DACBERT: Leveraging Dependency Agreement for Cost-Efficient Bert Pretraining
This work addresses the need for more efficient and interpretable pretraining methods in natural language processing, offering incremental improvements over existing cost-efficient approaches.
The paper tackles the problem of cost-efficient pretraining for BERT models by introducing DACBERT, a novel framework that incorporates dependency agreement to enhance performance and interpretability, resulting in improvements such as a 3.13% increase in RTE task accuracy and a 0.83% boost in average GLUE score compared to Crammed BERT.
Building on the cost-efficient pretraining advancements brought about by Crammed BERT, we enhance its performance and interpretability further by introducing a novel pretrained model Dependency Agreement Crammed BERT (DACBERT) and its two-stage pretraining framework - Dependency Agreement Pretraining. This framework, grounded by linguistic theories, seamlessly weaves syntax and semantic information into the pretraining process.
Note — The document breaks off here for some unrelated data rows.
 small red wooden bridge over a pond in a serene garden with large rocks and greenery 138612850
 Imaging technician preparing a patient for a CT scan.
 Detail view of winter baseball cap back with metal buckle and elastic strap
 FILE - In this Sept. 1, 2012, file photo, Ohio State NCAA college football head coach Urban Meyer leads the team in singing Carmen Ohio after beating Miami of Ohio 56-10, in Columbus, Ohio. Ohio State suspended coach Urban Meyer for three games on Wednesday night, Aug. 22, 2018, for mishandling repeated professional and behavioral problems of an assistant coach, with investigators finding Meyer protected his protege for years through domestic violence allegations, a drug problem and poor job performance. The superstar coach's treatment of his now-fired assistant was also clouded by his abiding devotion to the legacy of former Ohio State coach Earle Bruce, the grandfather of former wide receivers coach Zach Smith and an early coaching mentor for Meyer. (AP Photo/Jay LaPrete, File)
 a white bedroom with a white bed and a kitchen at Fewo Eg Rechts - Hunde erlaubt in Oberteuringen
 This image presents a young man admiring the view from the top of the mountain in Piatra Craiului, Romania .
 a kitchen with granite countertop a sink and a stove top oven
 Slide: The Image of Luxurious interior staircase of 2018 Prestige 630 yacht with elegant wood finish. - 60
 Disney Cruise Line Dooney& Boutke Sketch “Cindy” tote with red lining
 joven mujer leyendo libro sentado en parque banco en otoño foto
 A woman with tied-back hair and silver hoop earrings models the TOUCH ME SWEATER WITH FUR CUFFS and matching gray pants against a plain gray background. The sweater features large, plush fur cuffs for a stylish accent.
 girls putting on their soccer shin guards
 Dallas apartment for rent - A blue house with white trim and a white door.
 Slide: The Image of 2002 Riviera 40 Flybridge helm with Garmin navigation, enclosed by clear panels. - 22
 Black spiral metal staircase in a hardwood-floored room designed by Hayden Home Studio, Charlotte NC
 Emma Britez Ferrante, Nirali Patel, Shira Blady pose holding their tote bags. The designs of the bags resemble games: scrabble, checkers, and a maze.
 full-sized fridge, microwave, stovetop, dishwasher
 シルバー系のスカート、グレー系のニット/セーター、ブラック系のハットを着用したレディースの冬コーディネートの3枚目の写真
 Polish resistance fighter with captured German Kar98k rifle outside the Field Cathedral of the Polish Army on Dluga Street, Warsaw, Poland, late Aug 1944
The first stage employs four dedicated submodels to capture representative dependency agreements at the chunk level, effectively converting these agreements into embeddings. The second stage uses these refined embeddings, in tandem with conventional BERT embeddings, to guide the pretraining of the rest of the model. Evaluated on the GLUE benchmark, our DACBERT demonstrates notable improvement across various tasks, surpassing Crammed BERT by 3.13% in the RTE task and by 2.26% in the MRPC task. Furthermore, our method boosts the average GLUE score by 0.83%, underscoring its significant potential. The pretraining process can be efficiently executed on a single GPU within a 24-hour cycle, necessitating no supplementary computational resources or extending the pretraining duration compared with the Crammed BERT. Extensive studies further illuminate our approach's instrumental role in bolstering the interpretability of pretrained language models for natural language understanding tasks.